When you think of fresh produce, your mind might jump to the rich, leafy greens of late spring or sweet, vibrant fruits in the summer. Winter doesn't exactly exude a lively vibe - especially since most plants are void of leaves for the season. However, there's quite an assortment of fruits and vegetables that ripen as the days grow colder each year.
Root vegetables are bountiful in the winter, from turnips and parsnips to beets and sweet potatoes. Greens such as kale, leeks and collard greens are also in season. This variety of produce makes for excellent winter soups and hearty stews, as well as interesting salads. Citrus fruits, including blood oranges, kumquats and lemons, are popular in the winter as well. Pomegranates and cranberries add a splash of color and sweetness to any winter recipe.
"Root vegetables are bountiful in the winter, from turnips and parsnips to beets and sweet potatoes."
While fresh produce is often preferred, you can find canned, frozen or dried fruits and veggies that will provide the same nutritional benefits through the cold months, the Produce for Better Health Foundation explained.
This winter, experiment with seasonal produce in the kitchen and try one of these recipes.
To pickle your own beets, you only need a handful of ingredients. For every pound of the vegetable, use 1/2 cup of vinegar, 1/4 cup of sugar, 1/4 teaspoon of salt and 1/2 teaspoon of black pepper.
Wash the beets, then bring them to a boil and let them cook until they're tender. When they're ready, drain and rinse the beets, then remove the skin and cut each one into thin slices. In a separate saucepan, combine the vinegar and sugar, then bring the mixture to a boil. After the vinegar boils for five minutes, add salt and pepper for more flavor. Pour the mixture over your cooked beets and let them soak in the refrigerator until you're ready to eat them.
Roasted winter vegetables
You can really use any vegetables for this dish, but consider including seasonal produce such as parsnip, turnip, Brussels sprouts, carrots, rutabaga and onions. Simply wash and cut the vegetables, then toss them with olive oil, thyme, parsley, sage, pepper, salt and garlic. You may want to include a splash of balsamic vinegar for a bit of an acidic kick.

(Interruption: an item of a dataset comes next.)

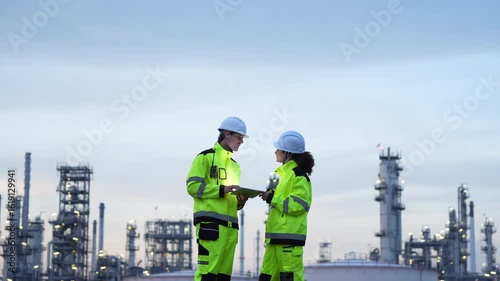 Engineers Reviewing Plans at Industrial Site at Dusk, Safety Engineers Surveying Refinery Operations, Team of Industrial Workers with Tablet at Night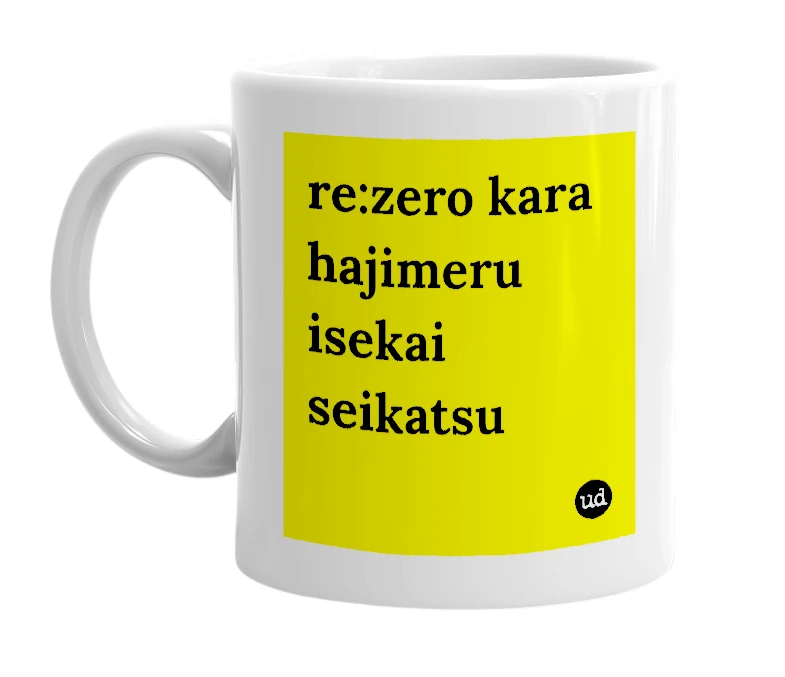 White mug with 're:zero kara hajimeru isekai seikatsu' in bold black letters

In a preheated oven, cook the vegetables at 400 degrees for about an hour, stirring them occasionally. When they're tender yet lightly browned, let them cool and serve as a side dish.
Kale is chock full of vitamins and nutrients.
This crispy little snack is the perfect healthy alternative to potato chips - and they're easy to make yourself.
Wash the kale leaves and cut off the stems, then rip the leaves into bite-sized pieces. Make sure they're completely dry before you spread them out on a cookie sheet covered with parchment paper. Drizzle the kale with olive oil and sprinkle with salt, garlic and any other seasoning flavors you enjoy. Bake your kale chips in an oven that's been preheated to 300 degrees for about 15 minutes or until the edges start to brown.